Lecture 5.1 - Training a Body Model and Fitting SMPL to Scans

Lecture Slides: Body Models: Vertex-Based Models and SMPL

Introduction

This lecture explores the training of parametric body models and methods for fitting the SMPL (Skinned Multi-Person Linear) model to 3D scans. We will cover:

  1. Triangle-based body models (SCAPE and BlendSCAPE)

  2. Training parametric body models from registrations

  3. Techniques for obtaining registrations by fitting SMPL to 3D scans

  4. Joint optimization of registration and model training (co-registration)

These topics are crucial for understanding how modern human body models are developed and applied to capture and represent human shape and pose in 3D.

Body Models Based on Triangle Deformations

In the previous lecture, we discussed vertex-based deformation models like SMPL. Now, let’s briefly explore an alternative approach: triangle-based deformation models.

SCAPE and BlendSCAPE Models

SCAPE (Shape Completion and Animation of People) and BlendSCAPE are body models based on triangle deformations rather than vertex displacements.

Key characteristics:

  • Apply 3×3 transformation matrices to each triangle of the mesh

  • Operate on edges (vertex differences) rather than on vertices directly

  • Decompose deformations into pose and shape factors

Unlike vertex-based models, triangle-based models don’t explicitly use a skeleton with joint rotations. Instead, they apply transformations to each triangle and then “stitch” the triangles together to maintain mesh coherence.

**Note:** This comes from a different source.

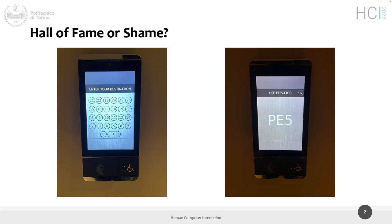Now, game time — the Hall of Fame or Shame. Do you know what this is? It's for an elevator. I took these photos in New York this summer. In this hotel with six elevators, instead of having buttons inside the elevator, you have screens on each floor where you select which floor you want to go, and the system tells you which elevator to take.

Triangle Deformation Process

The triangle deformation process works as follows:

  1. For each triangle in the template mesh, identify its vertices \(T_0, T_1, T_2\)

  2. Center the triangle at the origin and compute its edges:

    \[\begin{split}E_0 = T_2 - T_0 \\ E_1 = T_1 - T_0\end{split}\]
  3. Apply a 3×3 transformation matrix \(X_f\) to each edge:

    \[\begin{split}E_0' = X_f E_0 \\ E_1' = X_f E_1\end{split}\]
  4. After applying these independent transformations to each triangle, the resulting mesh is disconnected.

  5. To create a coherent mesh, solve a least-squares problem to find the vertices that best match the transformed edges:

    \[\mathbf{M} = \arg\min_{\mathbf{M}} \sum_{f=0}^{M-1} \sum_{i \in \{0,1\}} \|e_f^i - \tilde{e}_f^i\|^2\]

    where \(\tilde{\mathbf{E}} \equiv A\mathbf{M} = \{\tilde{e}\}\) and \(A\) is a matrix that extracts edges from vertices.

In SCAPE/BlendSCAPE, the transformation matrix \(X_f\) is factorized into:

\[X_f = B(\vec{\theta})S(\vec{\beta})Q(\vec{\theta})\]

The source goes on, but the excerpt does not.